** Data section follows **

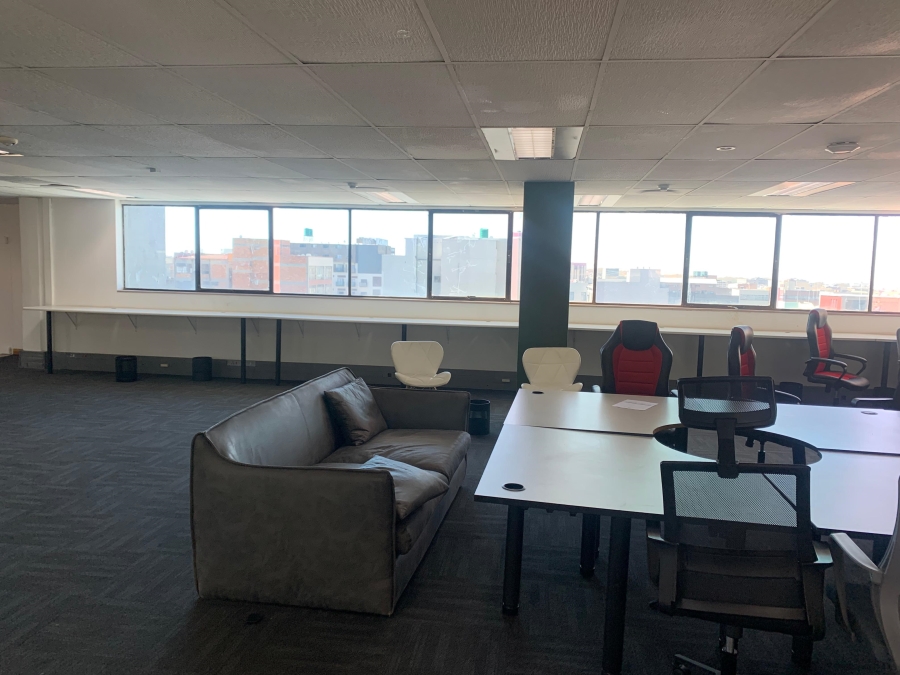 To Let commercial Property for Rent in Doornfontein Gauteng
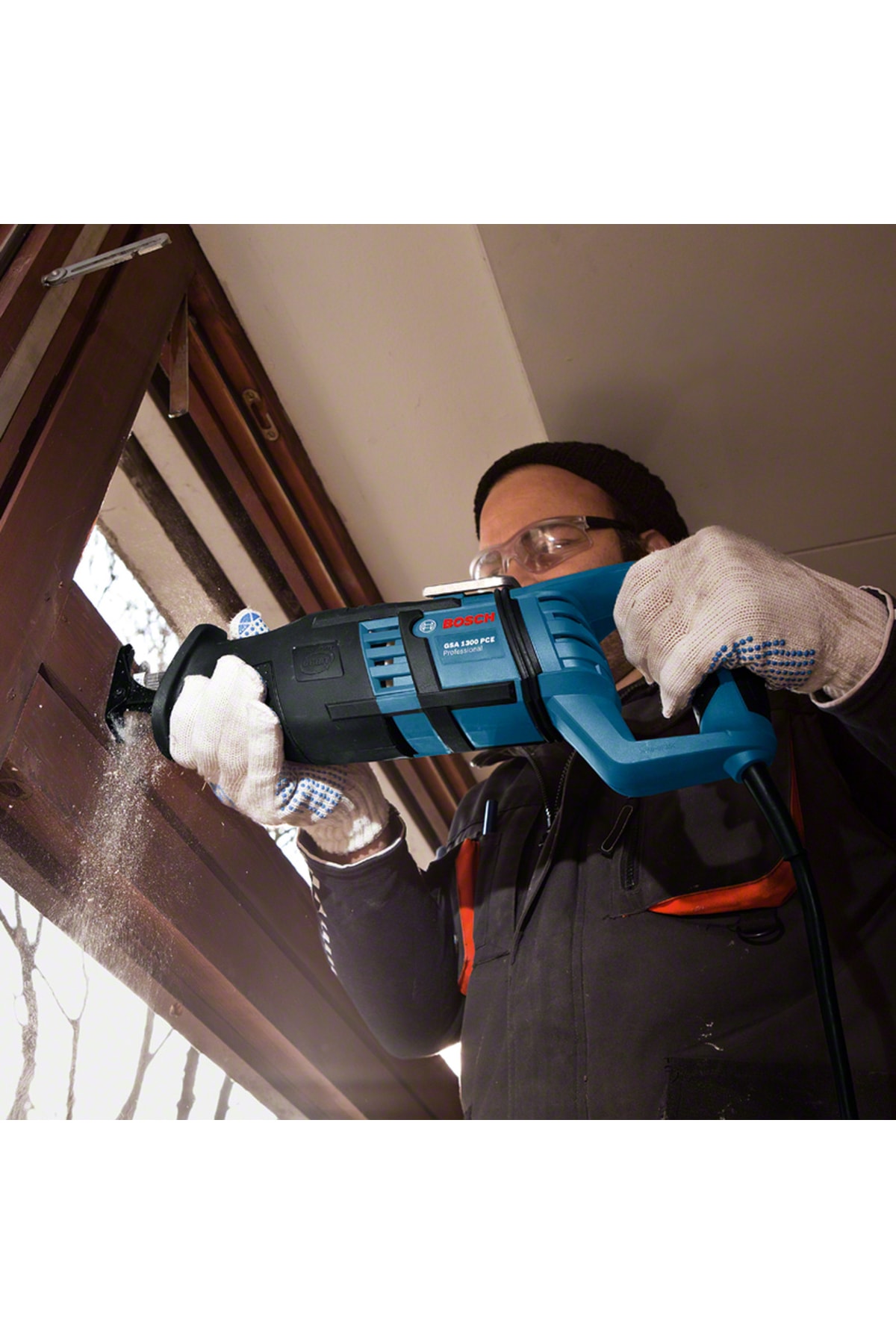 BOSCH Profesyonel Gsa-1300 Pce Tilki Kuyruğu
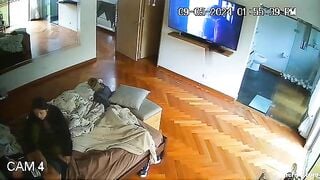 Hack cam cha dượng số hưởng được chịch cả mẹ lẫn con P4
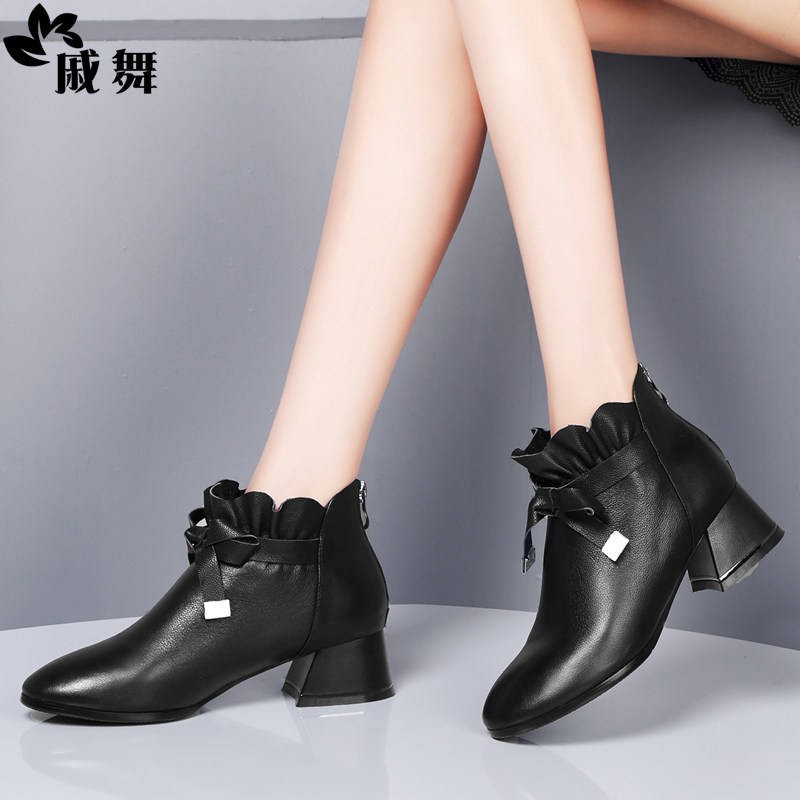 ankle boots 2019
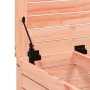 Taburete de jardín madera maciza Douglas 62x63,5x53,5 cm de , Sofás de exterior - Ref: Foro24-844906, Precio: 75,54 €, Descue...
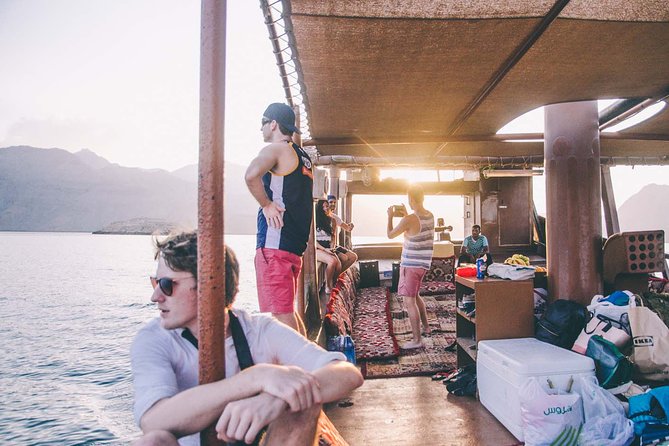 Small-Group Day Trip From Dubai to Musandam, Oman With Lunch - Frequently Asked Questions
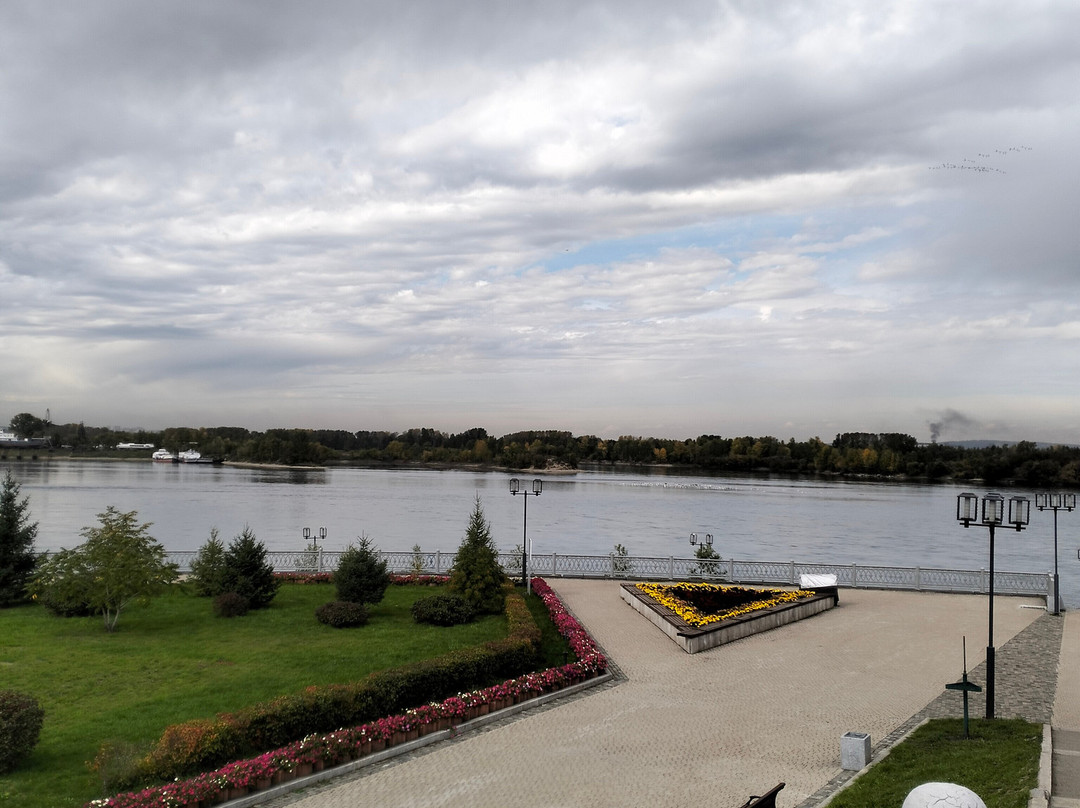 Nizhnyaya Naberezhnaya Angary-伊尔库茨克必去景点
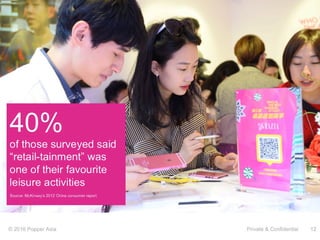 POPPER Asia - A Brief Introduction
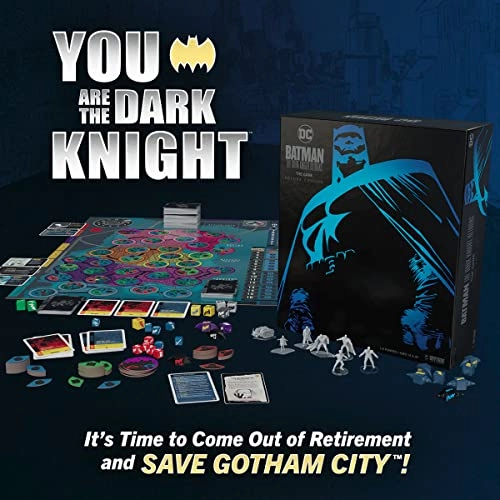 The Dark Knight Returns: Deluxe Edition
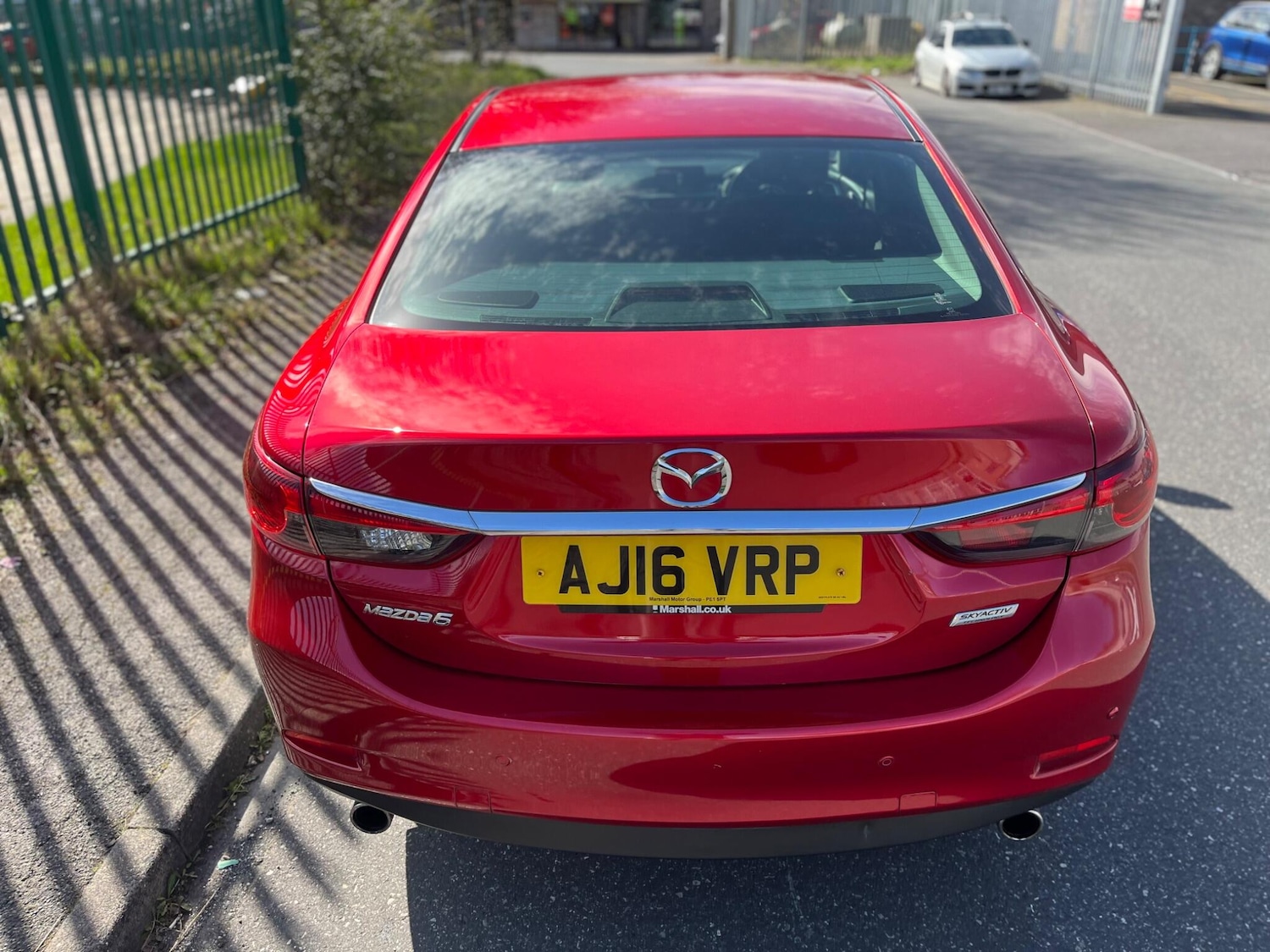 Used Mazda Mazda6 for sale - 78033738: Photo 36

** End of Data section **

In the records above, locate the line with "The Dark Knight Returns: Deluxe Edition"; output it and each line after it through the last one, exactly, omitting pictures.

 The Dark Knight Returns: Deluxe Edition
 Used Mazda Mazda6 for sale - 78033738: Photo 36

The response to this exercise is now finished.